Search code examples
pythonnlpnltkn-gram

Extract ngrams that are common for several sentences


I'm trying to extract ngrams that are common for several sentences.

What I have:
My data consists of separate sentences:

data = [
    'Design and architecture project',
    'Web inquiry for products',
    'Software for non-profit project',
    'Web inquiry for vendors'
]

What I do:

from nltk import everygrams
from collections import Counter

full_corpus = ' '.join(data)
ngram_counts = Counter(everygrams(full_corpus.split(), 2, 5))
repeated_ngrams = [(' '.join(ngram), count) for ngram, count in list(ngram_counts.items()) if count > 1]
print(repeated_ngrams)

What I get:
[('project Web', 2), ('project Web inquiry', 2), ('project Web inquiry for', 2), ('Web inquiry', 2), ('Web inquiry for', 2), ('inquiry for', 2)]

Problem with what I get now:
With this approach some of ngrams consist of words from different sentences.
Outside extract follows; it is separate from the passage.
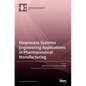Bioprocess Systems Engineering Applications in Pharmaceutical Manufacturing - Hardcover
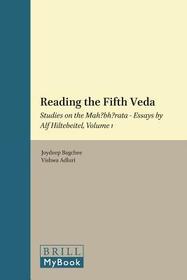 Reading the Fifth Veda: Studies on the Mah?bh?rata - Essays by Alf Hiltebeitel, Volume 1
Entries ('project Web', 2), ('project Web inquiry', 2), ('project Web inquiry for', 2) are considered incorrect.

What I want to get:
[('Web inquiry', 2), ('Web inquiry for', 2), ('inquiry for', 2)]

Can anybody please help me with this? It seems like a common task, but I was unable to find any information about a proper solution.

Goal behind the task:
I'm going to use extracted ngrams to suggest autocomplete for users. It would be wise to suggest word 'for' when user types in 'inquiry', for example. However, if, based upon currently extracted ngrams, word 'web' will be suggested after user types the word 'project', that will be wrong.


Update: I guess I have a solution, but I'm not sure if it is optimal:

end_token = "<end>"
marked_data = [f"{entry} {end_token}" for entry in data]

full_corpus = " ".join(marked_data)
ngram_counts = Counter(everygrams(full_corpus.split(), 2, 5))
repeated_ngrams = [
    (" ".join(ngram), count)
    for ngram, count in list(ngram_counts.items())
    if count > 1 and end_token not in ngram
]
print(repeated_ngrams)

Solution

  • One possible solution is to run everygrams for each sentence separately:

    ...
    import itertools
    ...
    
    ngram_counts = Counter(itertools.chain.from_iterable(
      [everygrams(el.split(), 2, 5) for el in data]))
    ...